Beitrag von .Anni. »

Ich versuche erstmal zu erklären, weshalb das Gebiss nicht erst durch Krafteinwirkung schädlich wird, sondern schon, solange sich das locker Gebiss im Maul befindet (ab dem Zeitpunkt, an dem eine körperliche Leistung vom Pferd verlangt wird).

Wenn ein Fremdkörper im Maul des Pferdes liegt und es körperliche Leistung erbringen soll (laufen...), kommt es zu einem Konflikt zwischen zwei verschiedenen Reflexen.
Üblicherweise haben Pferde nur Nahrung im Maul. Es wird Speichel produziert und es muss geschluckt werden. Dieser Speichel wird auch beim Kauen auf dem Gebiss produziert (welches nicht immer Wohlbefinden ausdrückt, sondern auch vom Kaureflex herrühren kann). Dabei verschließt der Kehldeckel die Luftröhre. Dabei melden die Nerven Ruhe und damit geringe Atmung, also nur wenige Atemzüge pro Minute.

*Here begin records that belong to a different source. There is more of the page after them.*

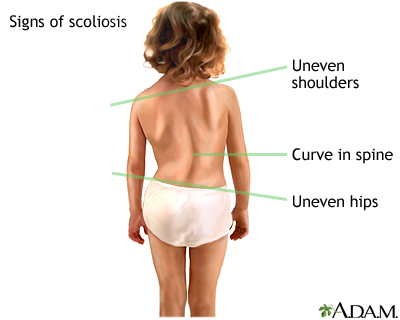 Signs of scoliosis - Illustration Thumbnail                      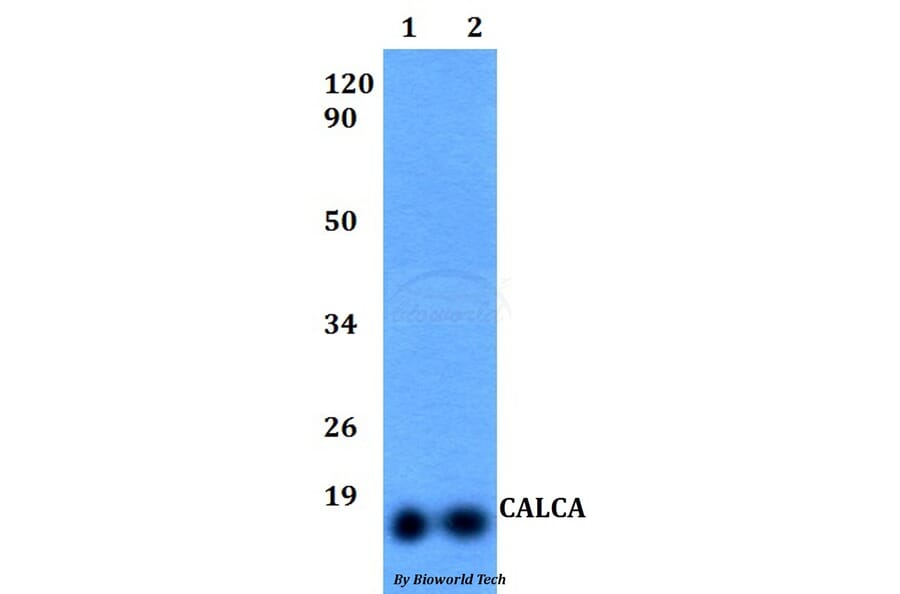 Anti-CALCA Antibody from Bioworld Technology (BS60494) - Antibodies.com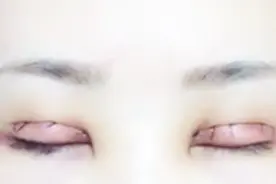 这几种人最好不要做双眼皮手术，否则会引起严重后果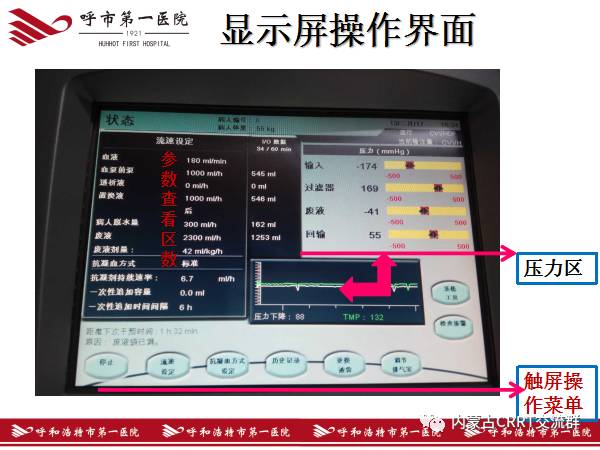 图解(金宝)CRRT治疗全过程,一步一步教会你!_内蒙古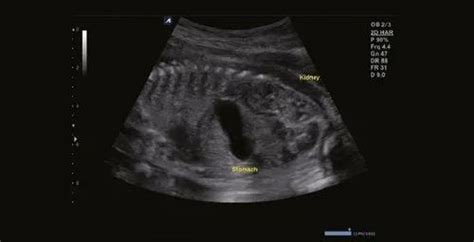 Ultrasound Machine - BPL E-CUBE 12 Platinum Ultrasound Machine ...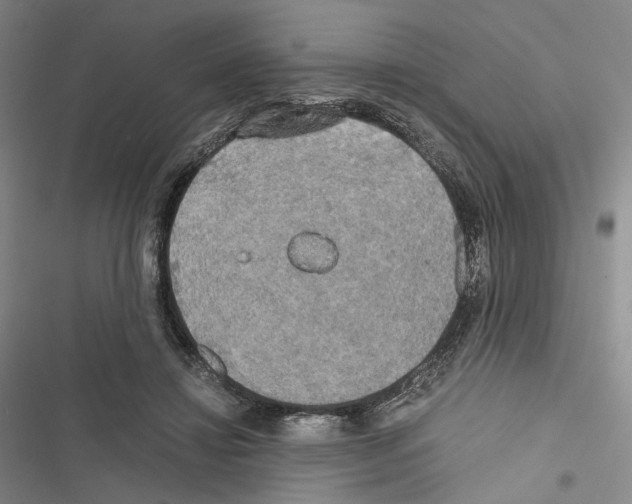 X0000116440452201001191535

Bewegt sich das Pferd jedoch, hat es einen erhöhten Sauerstoffbedarf. Es muss mehr atmen und dafür den Kehlkopf weit stellen, also den Weg zur Luftröhre frei machen.
Dies ist nicht möglich, wenn gleichzeitig Speichel produziert wird, der nicht in die Lunge gelange darf und das Pferd durch die Einwirkung des Gebisses den Kopf abwinkelt, denn dadurch werden die Luftwege eingeengt.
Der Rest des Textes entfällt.